Careful Words

stout (n.)

stout (adj.)

Much have I travell'd in the realms of gold,

And many goodly states and kingdoms seen;

Round many western islands have I been

Which bards in fealty to Apollo hold.

Oft of one wide expanse had I been told

That deep-brow'd Homer ruled as his demesne,

Yet did I never breathe its pure serene

Till I heard Chapman speak out loud and bold:

Then felt I like some watcher of the skies

When a new planet swims into his ken;

Or like stout Cortez when with eagle eyes

He stared at the Pacific, and all his men

Look'd at each other with a wild surmise,

Silent, upon a peak in Darien.

John Keats (1795-1821): On first looking into Chapman's Homer.

Cowards [may] fear to die; but courage stout,

Rather than live in snuff, will be put out.

Sir Walter Raleigh (1552-1618): On the snuff of a candle the night before he died.—Raleigh's Remains, p. 258, ed. 1661.

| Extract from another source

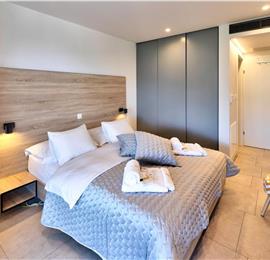 2 x 3 Bedroom Villas with Sea Views and Pools on Korcula Island, Sleeps 6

Until a man might travel twelve stout miles,

Or reap an acre of his neighbor's corn.

William Wordsworth (1770-1850): The Brothers.

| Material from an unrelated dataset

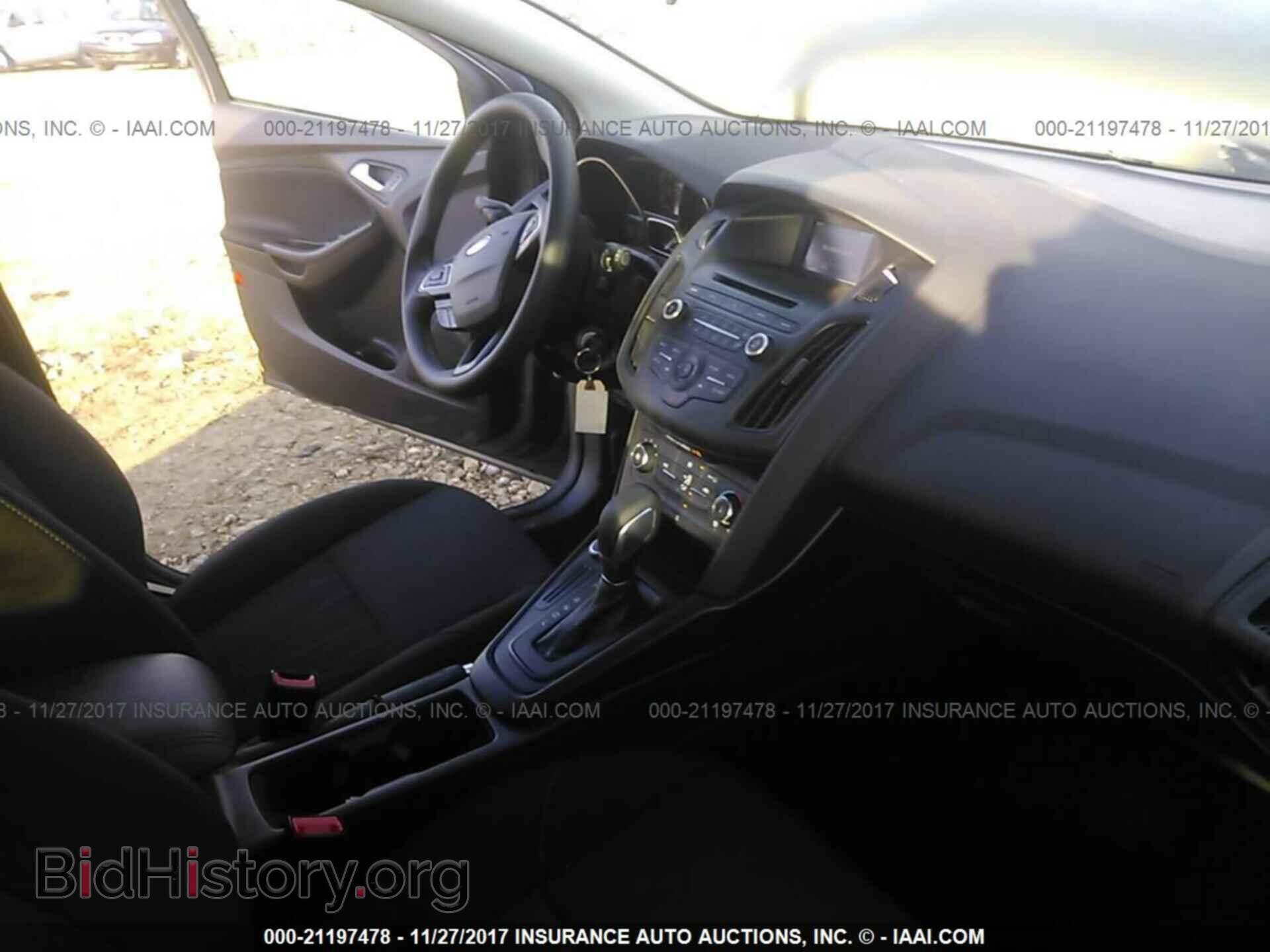 2017 Ford Focus - VIN: 1FADP3K23HL325013 - Photo 5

This earth that bears thee dead

Bears not alive so stout a gentleman.

William Shakespeare (1564-1616): King Henry IV. Part I. Act v. Sc. 4.

And raw in fields the rude militia swarms,

Mouths without hands; maintain'd at vast expense,

In peace a charge, in war a weak defence;

Stout once a month they march, a blustering band,

And ever but in times of need at hand.

John Dryden (1631-1701): Cymon and Iphigenia. Line 400.